Le projet proposé devra ainsi être adapté au caractère non urbanisable. S’il s’agit de logements, on privilégiera une densification moindre avec moins d’unités mais plus grandes. On évitera l’installation d’un commerce si la situation est isolée ou la création d’une salle de fêtes si cela est peu compatible avec le voisinage.

S’assurer que le bâtiment n’est pas sous protection

« Il n’est également pas inutile de s’assurer que le bâtiment concerné ne fait pas l’objet d’une protection particulière ». Le bien peut tout d’abord être repris à l’Inventaire du Patrimoine ou pastillé (c’est-à-dire qu’il mériterait d’être classé). Dans ce cas, l’avis de l’agence wallonne du patrimoine (AWAP) est sollicité en cours de procédure. L’intérêt est principalement architectural et on souhaitera sans doute le mettre en valeur. Des primes à l’embellissement sont alors envisageables.

Si le bâtiment ou le site est classé, on sollicitera l’avis de l’AWAP et de la Commission royale des monuments, sites et fouilles (CRMSF). Une procédure de Certificat de patrimoine sera nécessaire avant même de demander un permis d’urbanisme. L’intérêt est alors architectural et/ou historique. Des primes et subsides sont également envisageables.

« Si le bâtiment n’a pas de protection particulière, cela n’empêche pas un certain intérêt architectural », précise Cédric Harmant.

En cas d’intérêt patrimonial, la réaffectation du bien est positive car elle participe à la préservation de ce patrimoine. La démolition sera à éviter sauf si l’état général ne permet pas une transformation ou des démolitions partielles. Une attention particulière est portée à la rénovation afin de maintenir les caractéristiques patrimoniales. « On pense notamment au traitement des baies, au maintien de la lecture des fonctions, à la hiérarchie des volumes et toitures, au maintien du caractère fermé des façades extérieures et enfin à la lisibilité et simplicité de l’intervention. Les projets de logements avec de nombreuses ouvertures sont parfois difficiles avec ces contraintes. Il est parfois plus intéressant de se diriger vers un projet de bureaux ou salle de réception nécessitant moins d’interventions, de luminosité ou d’apports énergétiques ».

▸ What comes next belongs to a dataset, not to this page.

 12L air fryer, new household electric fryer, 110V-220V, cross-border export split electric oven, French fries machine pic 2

Le certificat d’urbanisme nº2 pour limiter les frais

Avant de s’engager dans des démarches onéreuses (architecte, administration), il est possible d’introduire par soi-même un certificat d’urbanisme numéro 2. « En pratique, on demande un accord sur un avant-projet plus ou moins détaillé. Les données disponibles sont examinées de la même manière qu’une demande de permis (avis sollicités, enquête publique). Ce certificat permet d’avoir un avis engageant des différentes administrations valable 2 ans ou, dans le cas contraire, évite des dépenses inutiles et oriente sur le cap à poursuivre ».

En bref

Pour conclure, les orateurs rappellent les quelques conseils utiles lorsqu’on se lance dans des projets de reconversion des bâtiments. « En bref, il s’agit tout d’abord de démontrer que l’affectation agricole n’est plus possible et de s’engager dans une démarche positive, contribuant à une gestion parcimonieuse et à la préservation du patrimoine. Il faut veiller à adapter le projet aux caractéristiques du bâtiment et de l’endroit. », dit Cédric Harmant.

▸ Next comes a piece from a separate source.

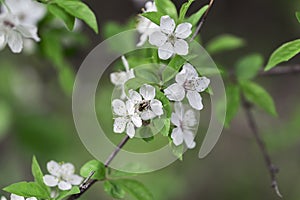 Blühen apfel ein Baum 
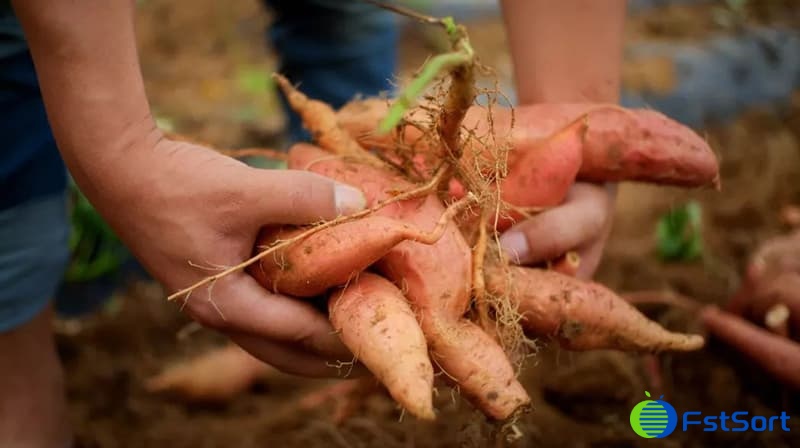 sweet-potato sweet-potato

« Il faut donc d’abord être certain de savoir où l’on se situe et ce qu’on peut y faire. Si on est agriculteur, en zone agricole, on peut envisager une diversification. Si ce n’est pas le cas, ou si le projet n’est pas conforme à la zone, reste à voir s’il ne met pas à mal la pratique de l’agriculture ».

« Dans un premier temps, nous ne pouvons que vous conseiller d’aller voir la commune pour avoir une idée du cap à suivre et de ce qui est envisageable même s’il ne faut jamais ce fier à un accord de départ car il y a tout une série d’éléments qui peuvent influer par la suite sur la décision finale ».